The National Oceanic and Atmospheric Administration is the agency responsible for updating the latest salmon plan, and it has the full report.
So on the same day, we have US Dist. Court judge Reddin in Portland doggedly pursuing salmon saving initiatives as the arbiter of US law. Meanwhile, in California, Sen Feinstein is going to do whatever it takes to make sure farmers get all the water and fish get none, from the Klamath, Sacramento and San Joaquin Rivers. Go figure.
This we know. 1,600,000 salmon and steelhead crossed Bonneville dam in 2009 and the jack salmon counts indicate that number or more will cross this year. Meanwhile, on the Sacramento (augmented by 2,500,000 acre feet of Klamath River water) and the San Joaquin river, the salmon and steelhead returns to all of the rivers fed by Sierra Nevada snowmelt will not hit 50,000 fish, down from 980,000 fish in 2002. The Klamath, despite the water taken from its watershed by Westland Irrigation District over 600 miles away and out of its watershed, will have a projected run of 100,000 summer and fall salmon, which is a pretty normal year in a watershed whose California landscape was severely altered by placer mining and a century of oversubscribed irrigation withdrawals. The outcome of all this is that the possibility of catching a California origin salmon off the Oregon Coast or the California Coast, has again resulted in no fishing in the ocean for chinook salmon.
The Columbia and Snake River chinook salmon are caught in the ocean off Alaska (that is why their troll season is limited), British Columbia (with limited fishing by international treaty) and off the Washington Coast with mostly an Indian only fishery allowed.
California, by Senatorial intervention, will make an effort to circumnavigate the ESA, good conservation practices, and will make a third year attempt at killing the remaining salmon in their Central Valley rivers. And on the same day Gov. Terminator was in Oregon to sign the Klamath River Water Treaty. To save salmon in California by limiting Oregon water use and to remove Oregon dams.

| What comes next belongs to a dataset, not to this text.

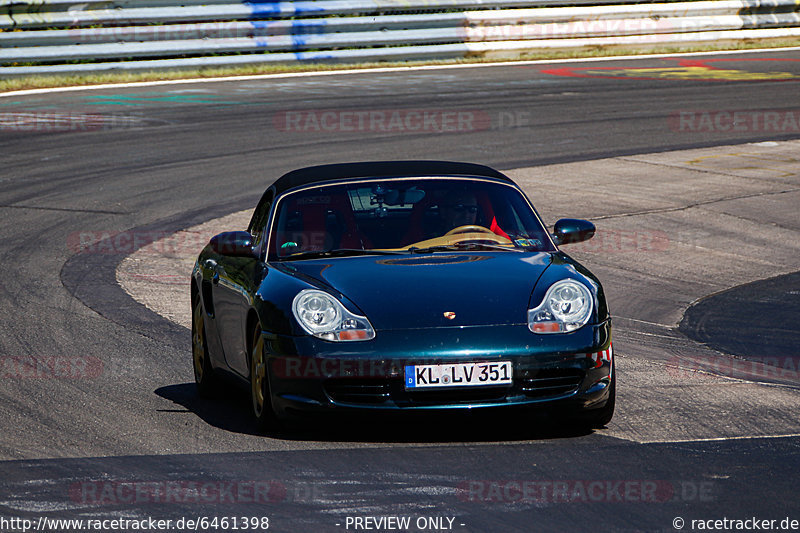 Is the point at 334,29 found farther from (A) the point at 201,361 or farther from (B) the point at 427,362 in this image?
(B) the point at 427,362

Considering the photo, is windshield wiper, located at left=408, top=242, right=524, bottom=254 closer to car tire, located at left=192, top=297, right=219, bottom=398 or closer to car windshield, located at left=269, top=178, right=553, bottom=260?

Pure political power trumps the environment protection laws. It is all in the news this week. Nobody messes with California agriculture. Nobody. Not even the Congress. Not even the Federal bench. So where is EarthJustice on this one? Where are the Enviro NGOs? Where are the saviours of salmon? How does the U.S. Dept. of Interior, Bureau of Reclamation, get to dismiss those pesky ESA issues and dewater the Klamath River, the Sacramento River, the San Joaquin River and all their tributaries, to run that water into canals and ditches, while San Francisco Bay, the estuary, and the ocean beyond go without the fresh water and terrestrial nutrients that once made that area a virtual smorgasboard of fisheries and sea life? Today, it is a big empty.